So when our intrepid heroes wake up, they’re in a secret base underneath Alcatraz.  A more reasonable person than myself might ask, well if you’ve got a secret base underneath Alcatraz, why weren’t the clues our heroes found with minimal effort upstairs instead stored in your hidden subterranean fortress where normal people couldn’t get access to them, but these are the questions all science fiction fans promised we wouldn’t ask when we got involved in the genre.  Apparently.  Because they keep treating us as if we had.  

Of course, you know what happens next, these interfering, lawbreaking assholes are recruited by the very secret agency they were screwing with.  Because if I was running a secret government agency, I would certainly hire people who do the opposite of what I tell them.  Yep.  That makes sense.  

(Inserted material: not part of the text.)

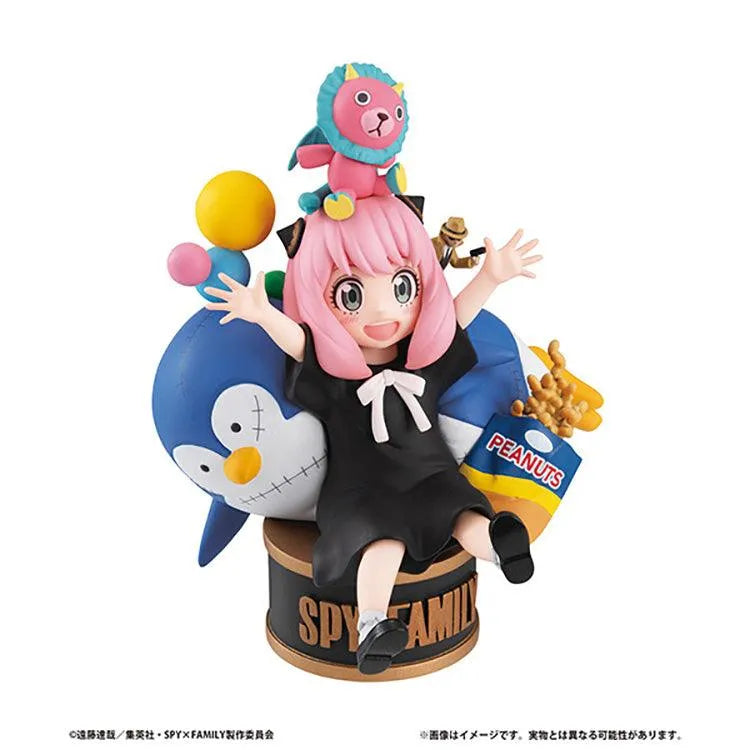 Spy x Family Blind Box - Puchirama EX Big Box (1 Random) - Doki Doki Land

Let’s talk more about our time traveling criminal, Jack Sylvane.  We’ve found out that the only murder he’s ever committed was that of a man trying to rape him.  However, since he’s been out, he’s murdered an old man who did him wrong 40 years ago, and robbed and then murdered a man he knows nothing about.  Let’s take the first murder.  Imagine hating someone.  We’ve all been there.  Now imagine you see him, and he’s old as shit.  Imagine hating him so much that you murder him anyway.  That’s powerful stuff.  The level of pure hate just bubbling out of your soul to murder a harmless old man… damn.  We never see that.  We don’t see their conversation.  We certainly don’t see the murder.  I’m not saying an 8pm TV show should show brutal murders of the elderly.  But you should definitely show us the confrontation, the conversation these men had before the act, no?  Jack could talk about how he used to be a good man before the warden worked on him…  And then they cut away and we hear a gunshot.  That works, doesn’t it?  Then the show might have some meaning.  You could talk about the awful effects prison has on those who inhabit it, guards and prisoners both.  But they don’t show any of that stuff.  They just show people running around doing bullshit.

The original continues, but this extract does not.